For me, personally, I think the crackdown on corruption was a great thing.
I always said it was not sustainable to have double-digit growth every year. There was always going to be a point at which it would level off or maybe dip. It had to happen. It was just ridiculous, conspicuous spending. That said, while the numbers may have declined slightly, I believe we will always have mainland tourist shoppers. Once the residents from the first-tier cities stop coming—because they have been a few times and want to try somewhere more adventurous—it moves to the second tier and then the third. There will be an ongoing influx.
There’s been a massive expansion of stores for high-end brands.
Twenty years ago at Chanel we had maybe four shops, and now we’ve got 10 or 11, including Macau. The rate of acceleration Hong Kong has seen on that front is unusual. Everybody jumped on the bandwagon when business was booming. In the past two years some brands have been forced to close non-performing stores. I think the lesson is that any business that relies so heavily on tourists for income is at risk.
The rise of malls has made shopping boring.

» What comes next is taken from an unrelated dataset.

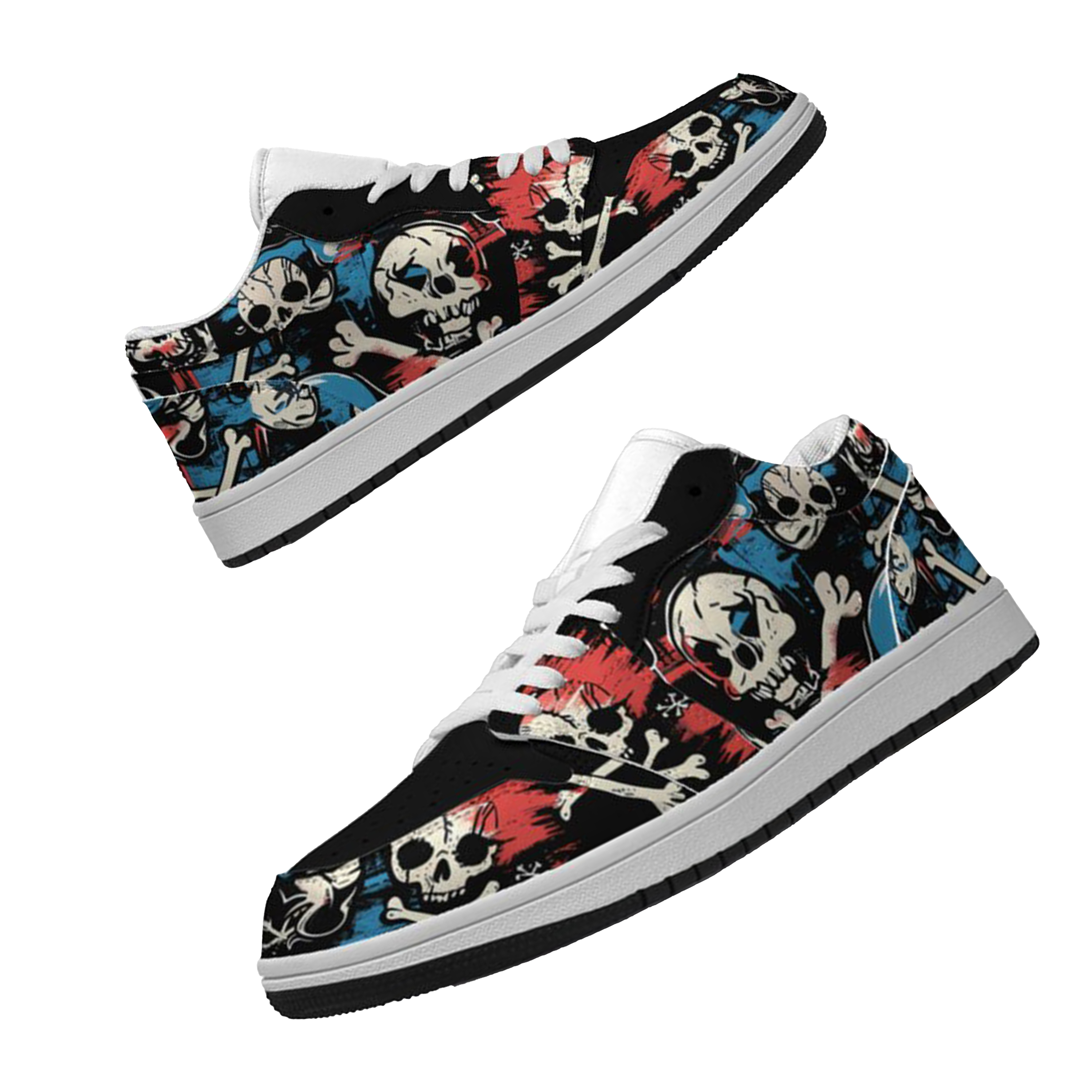 Jordan 1 Low-25-cy-skull-18, Jordan 1 Retro Low Sneakers, Personalized Gothic Shoes, Skull Design, Unisex Non Slip Walking Sneakers, Lightweight Breathable Running Shoes, Casual Sports Shoes, Unique Holidays Gifts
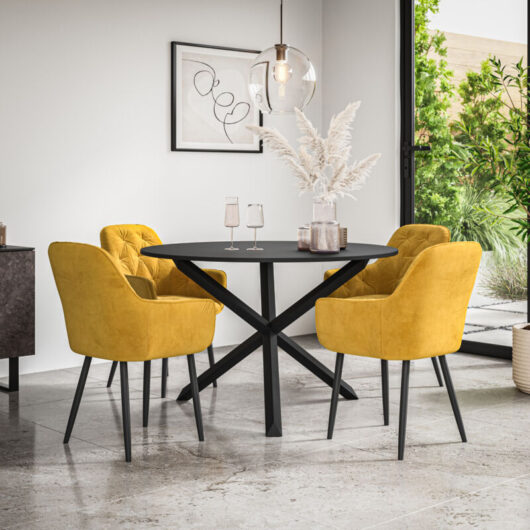 Malvern Round Dining Table And Chairs - Black Table Top w Solid Black Oak Legs + Anika Velvet Dining Chair Set Of 4 (Mustard)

We didn’t have so many in the past. We didn’t have IFC, Pacific Place, nor Landmark as it is now. Before the handover, the larger stores were department stores, and most of them were Japanese. That was a huge phenomenon in the ’80s—daimaru, Sogo, Matsuzakaya, Seibu. Then those businesses went from boom to bust in the early ’90s—in part, I think, due to the Asian financial crisis—and we began to transition to Us-style malls. The mix of brands in them is always the same, give or take a few. Before the malls there was a more eclectic mix of boutiques. Someone selling hi-fi equipment would sit next to someone selling silver. It would be a nice mixture of merchandise that wasn’t all fashion, jewellery and watches. It used to be easier to find a nice bookstore, or a shop selling lovely curios. Now it’s so repetitive and homogenised.
I love what they’ve done with Soho.
I think it’s important that we don’t negate our heritage—which we tend to do—but I think we could do more to encourage local talent, whether it’s fashion or food or crafts, with affordable rents for studios and stores. As a shopping destination, we are not as exciting as Tokyo or Seoul because creative people who want to open a little shop here can’t.
There’s been a rise of activewear stores.
They’re so much more a part of life these days as it’s become a trend for people to wear gym gear all day. It’s that horrible lifestyle trend we have adopted from America, hence these sportswear brands that have a lot of money— Adidas, Nike and so on—have expanded their footprint.